- _GIVEN DATA_:

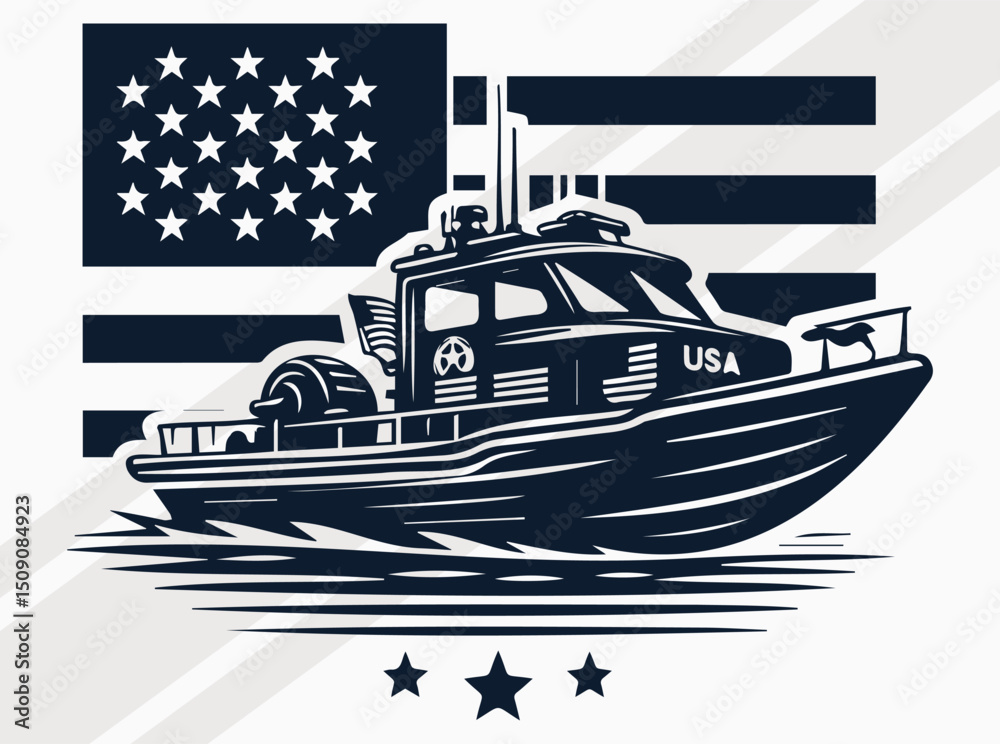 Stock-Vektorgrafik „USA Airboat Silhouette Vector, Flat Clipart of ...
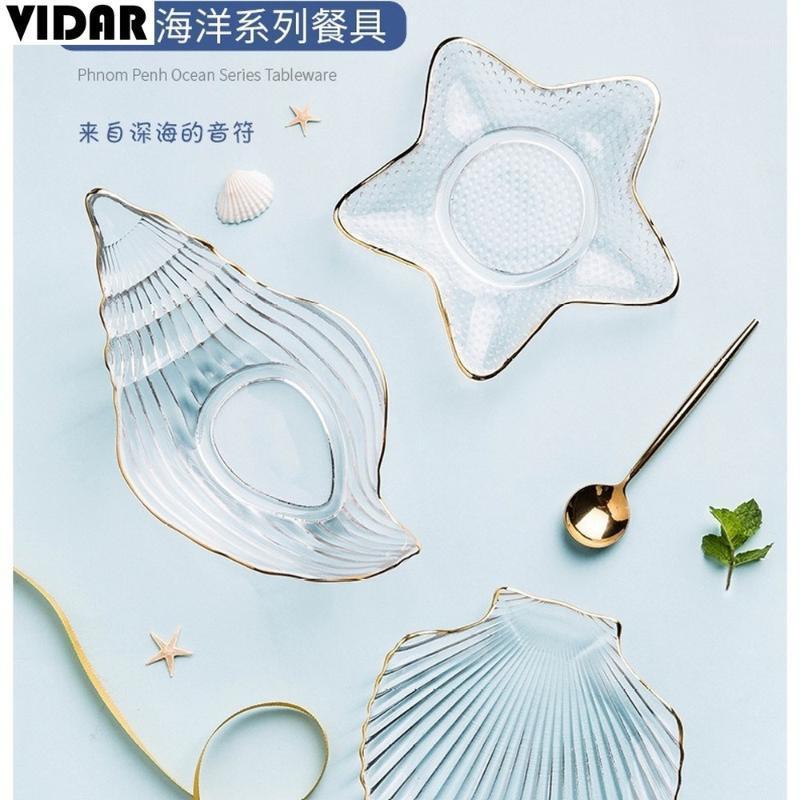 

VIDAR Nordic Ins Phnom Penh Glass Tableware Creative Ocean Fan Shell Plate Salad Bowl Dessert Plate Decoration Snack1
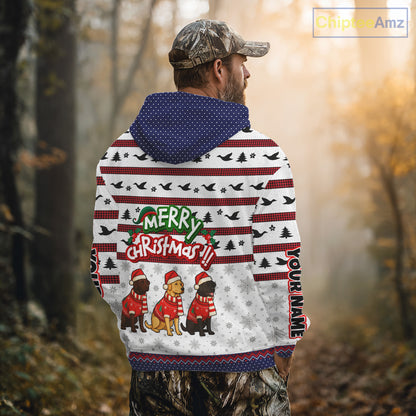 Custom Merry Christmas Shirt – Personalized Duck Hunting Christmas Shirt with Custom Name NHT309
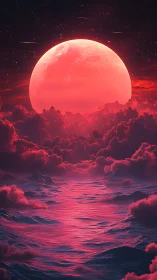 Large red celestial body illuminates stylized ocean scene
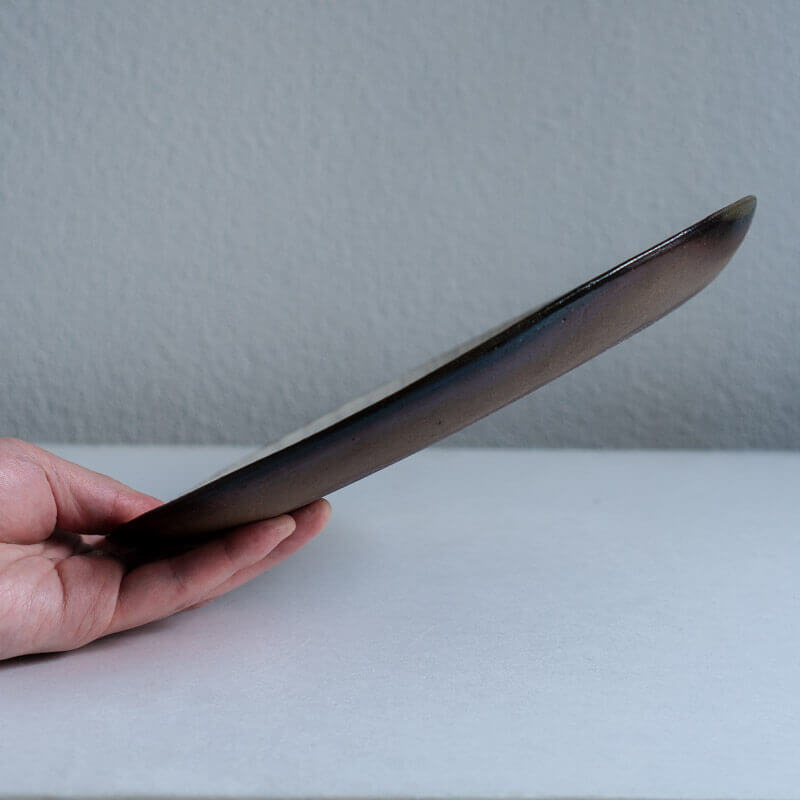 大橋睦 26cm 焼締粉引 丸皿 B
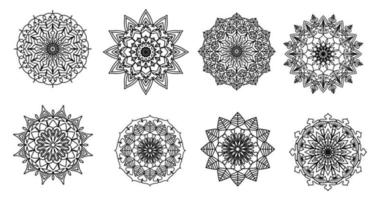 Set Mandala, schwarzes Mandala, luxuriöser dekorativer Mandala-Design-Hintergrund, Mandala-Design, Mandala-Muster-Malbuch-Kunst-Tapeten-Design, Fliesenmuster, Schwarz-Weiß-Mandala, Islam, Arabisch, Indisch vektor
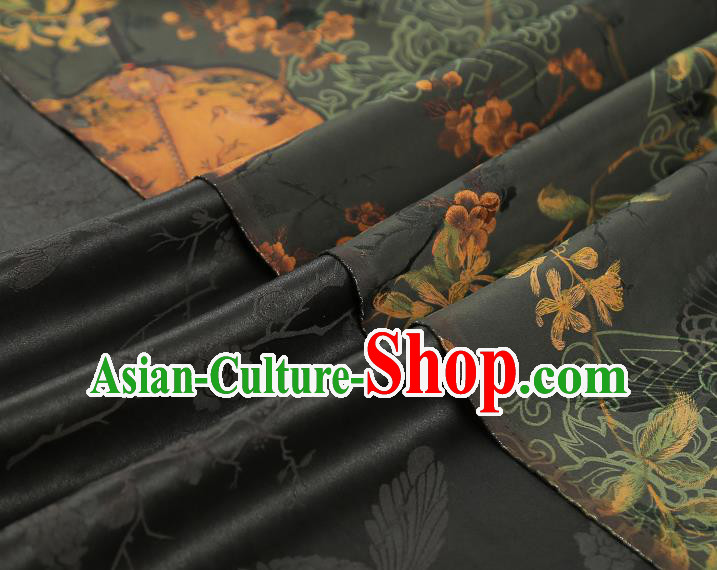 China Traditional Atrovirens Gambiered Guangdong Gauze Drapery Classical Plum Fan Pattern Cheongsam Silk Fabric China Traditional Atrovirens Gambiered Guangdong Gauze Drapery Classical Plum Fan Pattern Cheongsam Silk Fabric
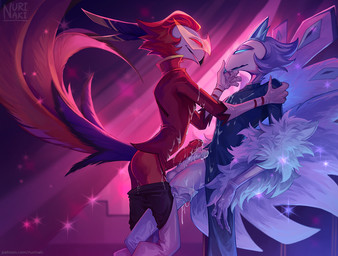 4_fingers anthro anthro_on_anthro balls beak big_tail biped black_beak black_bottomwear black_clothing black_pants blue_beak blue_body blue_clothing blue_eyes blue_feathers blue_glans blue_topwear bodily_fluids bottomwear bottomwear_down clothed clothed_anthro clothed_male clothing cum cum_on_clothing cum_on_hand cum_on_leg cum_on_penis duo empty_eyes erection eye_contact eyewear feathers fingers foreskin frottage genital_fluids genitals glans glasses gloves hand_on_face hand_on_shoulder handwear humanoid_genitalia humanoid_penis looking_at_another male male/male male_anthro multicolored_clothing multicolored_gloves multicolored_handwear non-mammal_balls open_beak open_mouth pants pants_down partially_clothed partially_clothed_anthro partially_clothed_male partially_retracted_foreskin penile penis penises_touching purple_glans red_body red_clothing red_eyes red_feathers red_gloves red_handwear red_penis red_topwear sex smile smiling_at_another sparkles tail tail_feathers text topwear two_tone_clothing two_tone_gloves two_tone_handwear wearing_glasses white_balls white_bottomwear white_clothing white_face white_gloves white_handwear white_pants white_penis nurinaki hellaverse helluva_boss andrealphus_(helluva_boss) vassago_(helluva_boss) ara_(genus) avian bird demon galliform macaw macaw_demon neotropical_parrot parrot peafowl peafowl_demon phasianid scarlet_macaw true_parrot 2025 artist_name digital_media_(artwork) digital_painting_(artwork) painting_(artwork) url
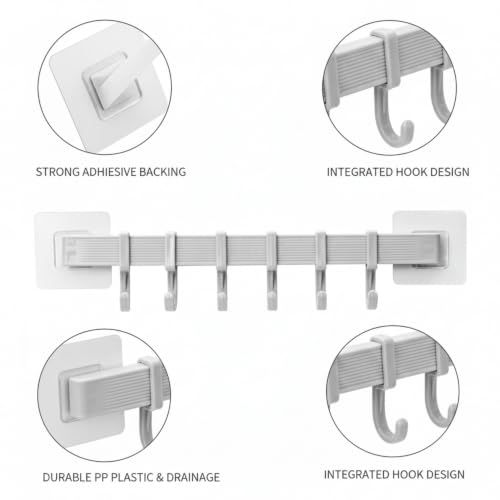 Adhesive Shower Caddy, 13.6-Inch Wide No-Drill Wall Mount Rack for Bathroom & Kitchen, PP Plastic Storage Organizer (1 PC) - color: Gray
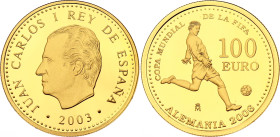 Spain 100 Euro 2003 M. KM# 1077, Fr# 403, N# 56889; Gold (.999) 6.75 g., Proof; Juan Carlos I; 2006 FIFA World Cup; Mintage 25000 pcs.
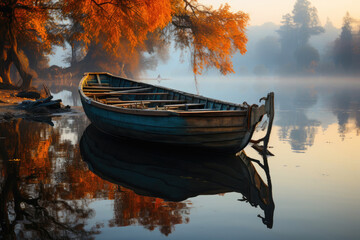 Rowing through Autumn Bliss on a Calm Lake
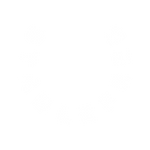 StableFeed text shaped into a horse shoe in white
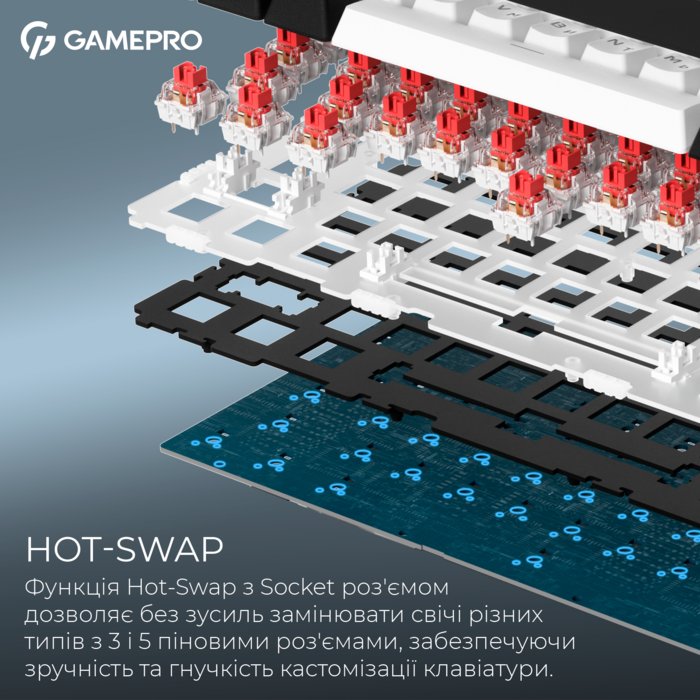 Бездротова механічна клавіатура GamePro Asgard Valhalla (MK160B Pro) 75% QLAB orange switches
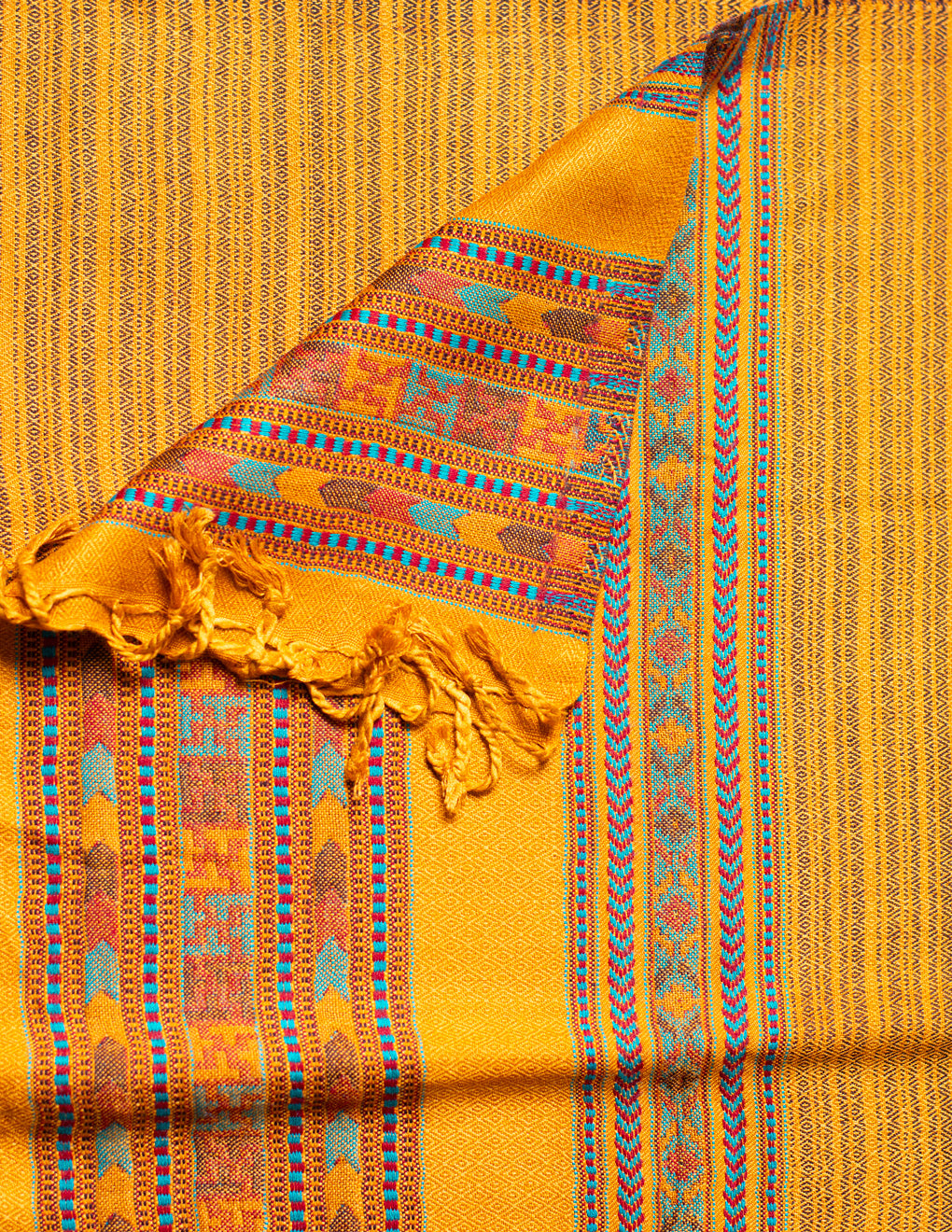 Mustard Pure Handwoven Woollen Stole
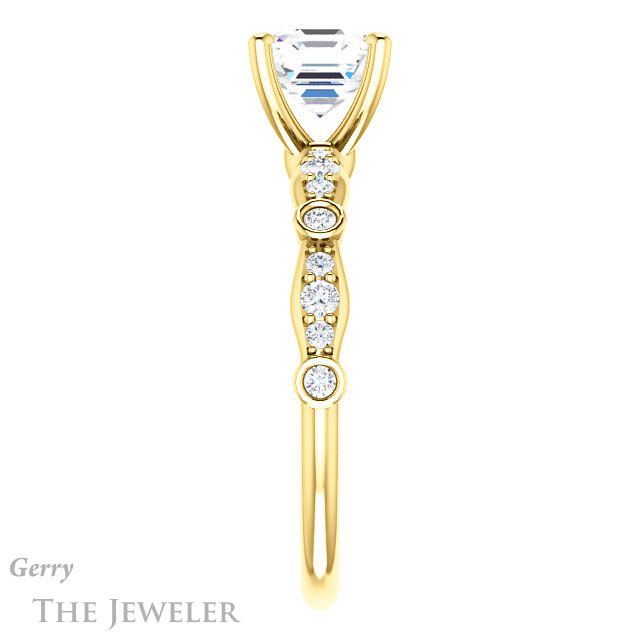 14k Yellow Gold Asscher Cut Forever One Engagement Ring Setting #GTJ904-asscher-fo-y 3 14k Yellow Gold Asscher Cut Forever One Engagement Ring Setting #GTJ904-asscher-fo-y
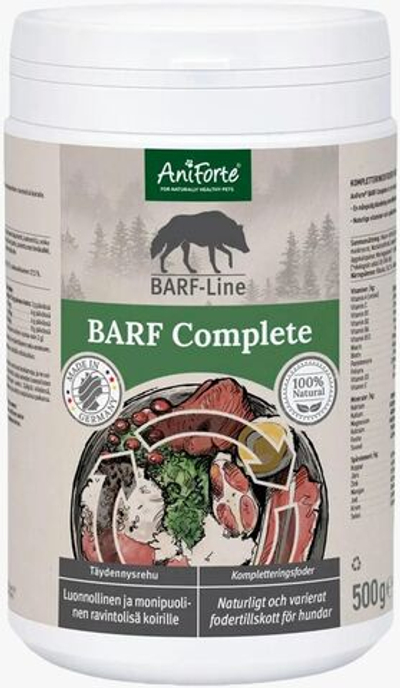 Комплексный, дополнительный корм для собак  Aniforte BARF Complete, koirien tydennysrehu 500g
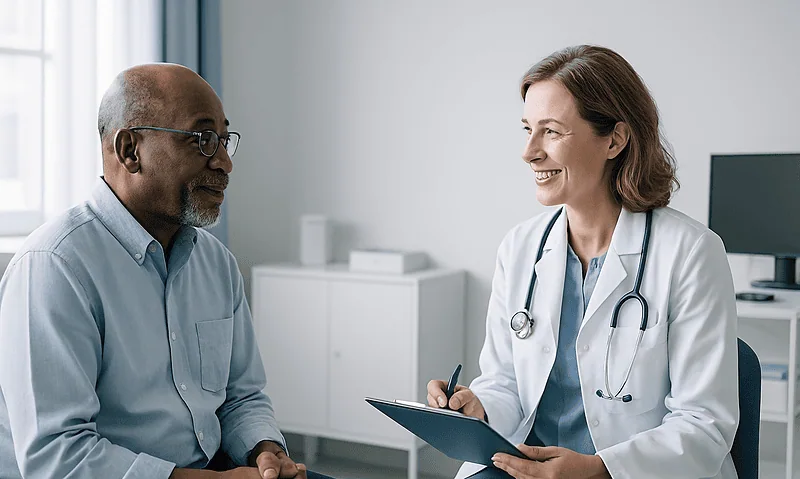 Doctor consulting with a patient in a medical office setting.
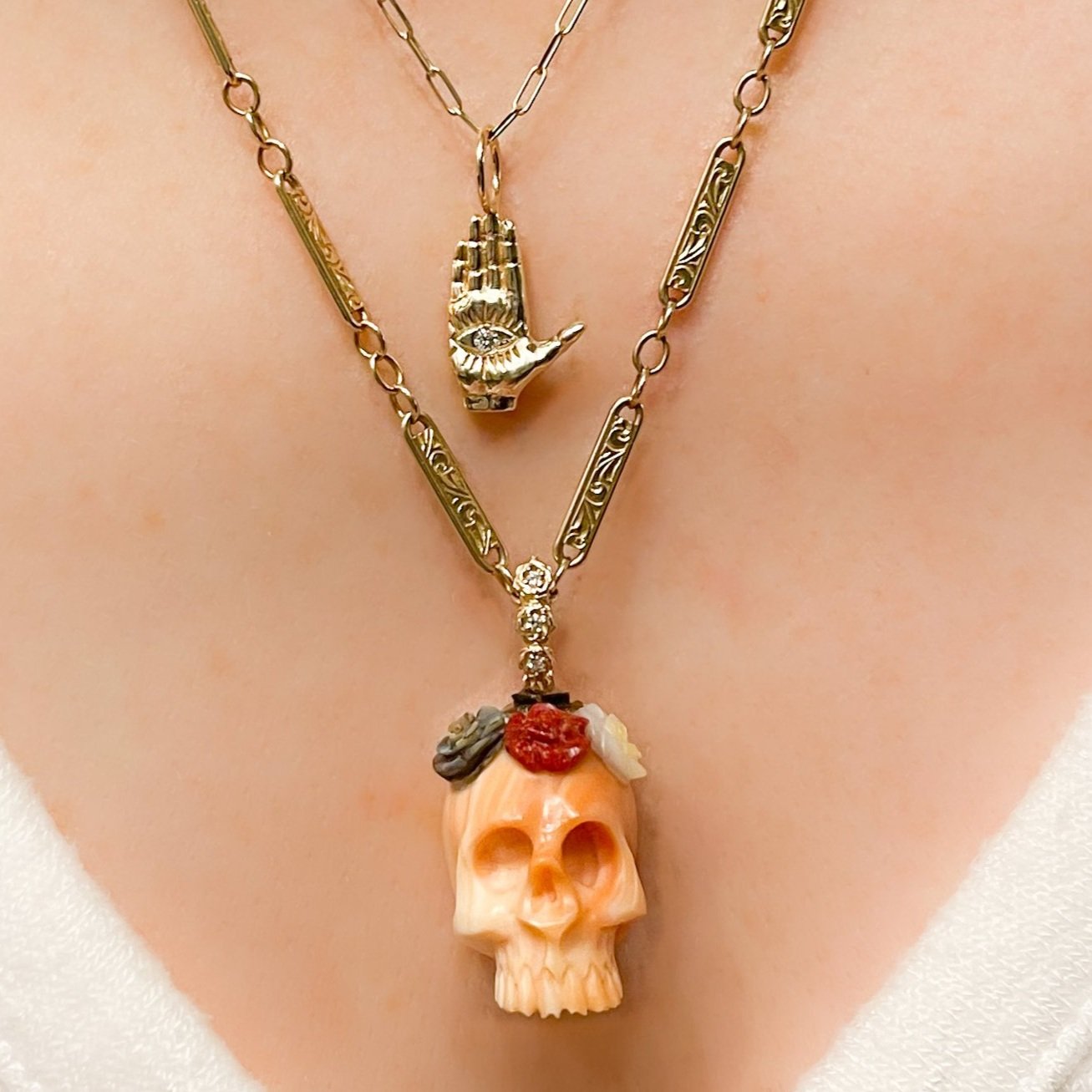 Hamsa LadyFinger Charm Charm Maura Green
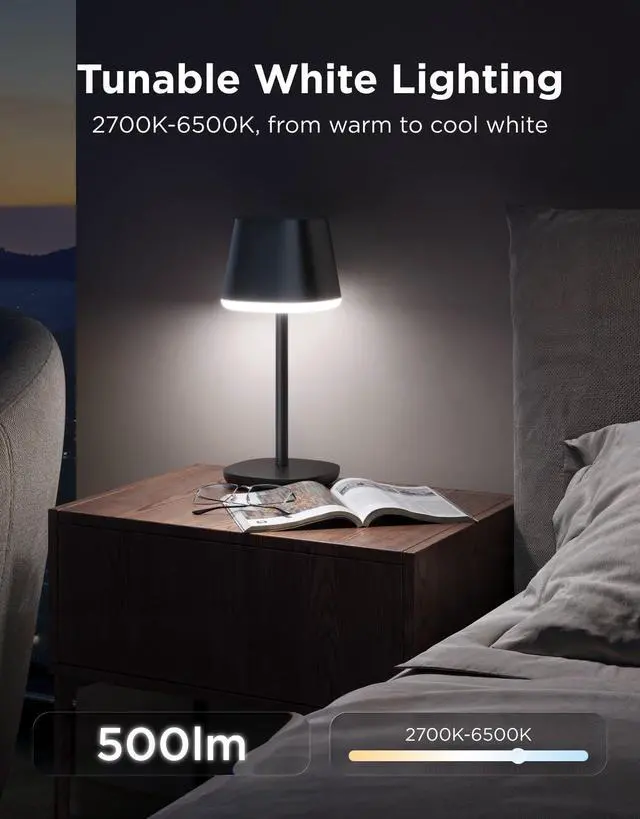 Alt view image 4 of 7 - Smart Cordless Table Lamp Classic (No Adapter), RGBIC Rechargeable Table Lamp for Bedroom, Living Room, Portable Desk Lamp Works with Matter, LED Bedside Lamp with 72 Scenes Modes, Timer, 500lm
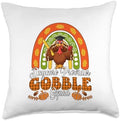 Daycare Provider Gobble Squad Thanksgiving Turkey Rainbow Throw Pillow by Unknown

- _TASK DIRECTIONS_:
Every word of the material above should be copied exactly; no pictures.

- _EXPECTED ANSWER_:
 Stock-Vektorgrafik „USA Airboat Silhouette Vector, Flat Clipart of ...

VIDAR Nordic Ins Phnom Penh Glass Tableware Creative Ocean Fan Shell Plate Salad Bowl Dessert Plate Decoration Snack1
 Custom Merry Christmas Shirt – Personalized Duck Hunting Christmas Shirt with Custom Name NHT309
 Large red celestial body illuminates stylized ocean scene
 大橋睦 26cm 焼締粉引 丸皿 B
 Set Mandala, schwarzes Mandala, luxuriöser dekorativer Mandala-Design-Hintergrund, Mandala-Design, Mandala-Muster-Malbuch-Kunst-Tapeten-Design, Fliesenmuster, Schwarz-Weiß-Mandala, Islam, Arabisch, Indisch vektor
 China Traditional Atrovirens Gambiered Guangdong Gauze Drapery Classical Plum Fan Pattern Cheongsam Silk Fabric China Traditional Atrovirens Gambiered Guangdong Gauze Drapery Classical Plum Fan Pattern Cheongsam Silk Fabric
 4_fingers anthro anthro_on_anthro balls beak big_tail biped black_beak black_bottomwear black_clothing black_pants blue_beak blue_body blue_clothing blue_eyes blue_feathers blue_glans blue_topwear bodily_fluids bottomwear bottomwear_down clothed clothed_anthro clothed_male clothing cum cum_on_clothing cum_on_hand cum_on_leg cum_on_penis duo empty_eyes erection eye_contact eyewear feathers fingers foreskin frottage genital_fluids genitals glans glasses gloves hand_on_face hand_on_shoulder handwear humanoid_genitalia humanoid_penis looking_at_another male male/male male_anthro multicolored_clothing multicolored_gloves multicolored_handwear non-mammal_balls open_beak open_mouth pants pants_down partially_clothed partially_clothed_anthro partially_clothed_male partially_retracted_foreskin penile penis penises_touching purple_glans red_body red_clothing red_eyes red_feathers red_gloves red_handwear red_penis red_topwear sex smile smiling_at_another sparkles tail tail_feathers text topwear two_tone_clothing two_tone_gloves two_tone_handwear wearing_glasses white_balls white_bottomwear white_clothing white_face white_gloves white_handwear white_pants white_penis nurinaki hellaverse helluva_boss andrealphus_(helluva_boss) vassago_(helluva_boss) ara_(genus) avian bird demon galliform macaw macaw_demon neotropical_parrot parrot peafowl peafowl_demon phasianid scarlet_macaw true_parrot 2025 artist_name digital_media_(artwork) digital_painting_(artwork) painting_(artwork) url
 Adhesive Shower Caddy, 13.6-Inch Wide No-Drill Wall Mount Rack for Bathroom & Kitchen, PP Plastic Storage Organizer (1 PC) - color: Gray
 Spain 100 Euro 2003 M. KM# 1077, Fr# 403, N# 56889; Gold (.999) 6.75 g., Proof; Juan Carlos I; 2006 FIFA World Cup; Mintage 25000 pcs.
 Rowing through Autumn Bliss on a Calm Lake
 StableFeed text shaped into a horse shoe in white
 Бездротова механічна клавіатура GamePro Asgard Valhalla (MK160B Pro) 75% QLAB orange switches
 Mustard Pure Handwoven Woollen Stole
 14k Yellow Gold Asscher Cut Forever One Engagement Ring Setting #GTJ904-asscher-fo-y 3 14k Yellow Gold Asscher Cut Forever One Engagement Ring Setting #GTJ904-asscher-fo-y
 Комплексный, дополнительный корм для собак  Aniforte BARF Complete, koirien tydennysrehu 500g
 Doctor consulting with a patient in a medical office setting.
 Hamsa LadyFinger Charm Charm Maura Green
 Alt view image 4 of 7 - Smart Cordless Table Lamp Classic (No Adapter), RGBIC Rechargeable Table Lamp for Bedroom, Living Room, Portable Desk Lamp Works with Matter, LED Bedside Lamp with 72 Scenes Modes, Timer, 500lm
 Daycare Provider Gobble Squad Thanksgiving Turkey Rainbow Throw Pillow by Unknown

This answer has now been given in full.